Although they’re an important part of Canada’s economy, no one likes having to pay income taxes. Thankfully, there are ways to lower your yearly tax bill and even avoid paying certain types of taxes. The only problem is that some methods, like tax avoidance, are legal, while others, like tax evasion, are illegal.
Tax Avoidance vs Tax Evasion
Want to know the key differences between tax avoidance and tax evasion? Here are a few essential details to keep you out of trouble with the CRA.
What Is Tax Avoidance?
Tax avoidance refers to legally reducing taxable income or the amount of tax owed through various methods. It’s not about evading tax payments, but rather using legal strategies to minimize tax liability.
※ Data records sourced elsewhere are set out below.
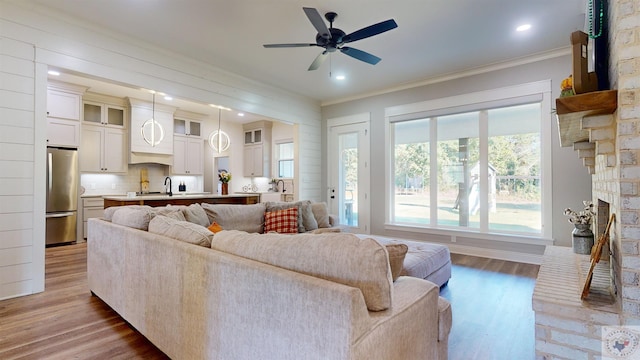 living room featuring light wood-type flooring, ceiling fan, a brick fireplace, and crown molding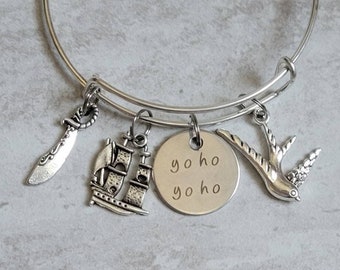 May include: A silver charm bracelet with a ship, sword, bird, and a charm with the text "yo ho yo ho".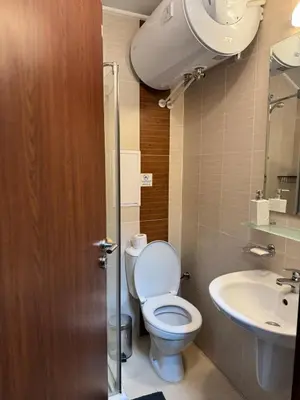 a bathroom with a toilet and a sink at Belmont Apartment in Bansko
The CRA classifies tax avoidance as any form of tax planning that falls into the realm of being “unacceptable” or “abusive”.
It goes beyond aggressive tax planning that tests the boundaries of the law; tax avoidance also involves strategies that may comply with the letter of the law but contradict its intended spirit.
What Is Tax Evasion?
Tax evasion is when you or your business avoid paying taxes illegally, such as lying about your income or failing to submit any required tax reports. It doesn’t matter if you’re doing it on purpose or if you simply forgot, no federal, provincial or territorial tax authority will let willful tax evasion slide for very long.
One of the biggest differentiating characteristics of tax evasion is the criminal side of it. Unlike tax avoidance, those who practice tax evasion can be pursued in criminal court. This means you’ll not only incur penalty fees but you may face prison time.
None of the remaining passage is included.